§ **ASSIGNMENT**
Could you set down exactly the lines in the records below between the line holding "File:ThomasandTrevor4.png" and the line holding "意大利卡坦纳乔战术复兴：防守反击重塑现代足球格局", inclusive?

[Opening INPUT MATERIAL section]

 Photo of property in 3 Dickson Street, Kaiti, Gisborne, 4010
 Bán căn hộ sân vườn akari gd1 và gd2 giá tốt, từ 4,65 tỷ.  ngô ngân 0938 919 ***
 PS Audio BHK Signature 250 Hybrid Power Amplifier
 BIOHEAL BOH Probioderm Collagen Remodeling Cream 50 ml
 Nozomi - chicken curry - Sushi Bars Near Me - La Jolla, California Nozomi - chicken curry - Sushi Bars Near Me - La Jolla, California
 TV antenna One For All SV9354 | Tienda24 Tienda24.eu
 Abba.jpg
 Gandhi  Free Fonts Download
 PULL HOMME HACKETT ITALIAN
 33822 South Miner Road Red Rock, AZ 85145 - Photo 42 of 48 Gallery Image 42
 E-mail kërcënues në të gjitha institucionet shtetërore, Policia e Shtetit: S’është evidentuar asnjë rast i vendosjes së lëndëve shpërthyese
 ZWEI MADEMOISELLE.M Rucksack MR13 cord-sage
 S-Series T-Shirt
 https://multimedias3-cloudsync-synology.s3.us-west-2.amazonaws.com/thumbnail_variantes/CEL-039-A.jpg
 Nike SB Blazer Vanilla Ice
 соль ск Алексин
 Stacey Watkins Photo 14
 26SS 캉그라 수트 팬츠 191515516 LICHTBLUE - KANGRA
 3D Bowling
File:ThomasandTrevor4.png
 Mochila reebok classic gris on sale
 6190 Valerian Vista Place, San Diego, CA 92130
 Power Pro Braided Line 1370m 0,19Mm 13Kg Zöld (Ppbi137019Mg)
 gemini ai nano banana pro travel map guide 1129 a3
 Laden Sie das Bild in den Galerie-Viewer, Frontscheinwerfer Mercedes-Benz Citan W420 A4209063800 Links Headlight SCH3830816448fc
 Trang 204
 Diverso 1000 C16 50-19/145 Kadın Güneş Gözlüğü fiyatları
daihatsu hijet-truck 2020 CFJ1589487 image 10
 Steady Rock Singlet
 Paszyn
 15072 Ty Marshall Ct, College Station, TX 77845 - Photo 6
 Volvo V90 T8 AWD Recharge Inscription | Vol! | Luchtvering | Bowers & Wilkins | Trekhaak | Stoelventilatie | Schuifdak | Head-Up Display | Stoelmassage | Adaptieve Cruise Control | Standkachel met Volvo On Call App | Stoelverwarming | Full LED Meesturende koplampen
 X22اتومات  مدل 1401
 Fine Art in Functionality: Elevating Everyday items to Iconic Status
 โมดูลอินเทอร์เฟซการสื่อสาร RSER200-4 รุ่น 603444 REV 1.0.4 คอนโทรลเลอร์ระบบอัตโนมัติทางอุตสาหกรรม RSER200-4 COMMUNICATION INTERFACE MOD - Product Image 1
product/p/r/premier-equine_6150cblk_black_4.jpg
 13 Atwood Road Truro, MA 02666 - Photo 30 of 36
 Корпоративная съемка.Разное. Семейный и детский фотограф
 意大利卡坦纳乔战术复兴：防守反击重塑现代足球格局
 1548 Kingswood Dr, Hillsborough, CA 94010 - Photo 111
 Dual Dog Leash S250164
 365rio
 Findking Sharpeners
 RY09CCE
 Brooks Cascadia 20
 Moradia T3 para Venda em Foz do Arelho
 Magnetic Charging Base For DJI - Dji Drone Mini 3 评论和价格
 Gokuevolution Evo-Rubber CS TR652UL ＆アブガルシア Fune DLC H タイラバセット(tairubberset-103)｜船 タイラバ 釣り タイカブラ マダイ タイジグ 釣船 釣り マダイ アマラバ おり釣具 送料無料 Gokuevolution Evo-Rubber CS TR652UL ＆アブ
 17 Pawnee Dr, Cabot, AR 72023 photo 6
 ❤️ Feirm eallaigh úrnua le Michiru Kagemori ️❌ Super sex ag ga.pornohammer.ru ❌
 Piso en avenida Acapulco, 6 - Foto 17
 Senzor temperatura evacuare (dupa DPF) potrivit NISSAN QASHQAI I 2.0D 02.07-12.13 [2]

[Closing INPUT MATERIAL section]

§ **OUTPUT**
File:ThomasandTrevor4.png
 Mochila reebok classic gris on sale
 6190 Valerian Vista Place, San Diego, CA 92130
 Power Pro Braided Line 1370m 0,19Mm 13Kg Zöld (Ppbi137019Mg)
 gemini ai nano banana pro travel map guide 1129 a3
 Laden Sie das Bild in den Galerie-Viewer, Frontscheinwerfer Mercedes-Benz Citan W420 A4209063800 Links Headlight SCH3830816448fc
 Trang 204
 Diverso 1000 C16 50-19/145 Kadın Güneş Gözlüğü fiyatları
daihatsu hijet-truck 2020 CFJ1589487 image 10
 Steady Rock Singlet
 Paszyn
 15072 Ty Marshall Ct, College Station, TX 77845 - Photo 6
 Volvo V90 T8 AWD Recharge Inscription | Vol! | Luchtvering | Bowers & Wilkins | Trekhaak | Stoelventilatie | Schuifdak | Head-Up Display | Stoelmassage | Adaptieve Cruise Control | Standkachel met Volvo On Call App | Stoelverwarming | Full LED Meesturende koplampen
 X22اتومات  مدل 1401
 Fine Art in Functionality: Elevating Everyday items to Iconic Status
 โมดูลอินเทอร์เฟซการสื่อสาร RSER200-4 รุ่น 603444 REV 1.0.4 คอนโทรลเลอร์ระบบอัตโนมัติทางอุตสาหกรรม RSER200-4 COMMUNICATION INTERFACE MOD - Product Image 1
product/p/r/premier-equine_6150cblk_black_4.jpg
 13 Atwood Road Truro, MA 02666 - Photo 30 of 36
 Корпоративная съемка.Разное. Семейный и детский фотограф
 意大利卡坦纳乔战术复兴：防守反击重塑现代足球格局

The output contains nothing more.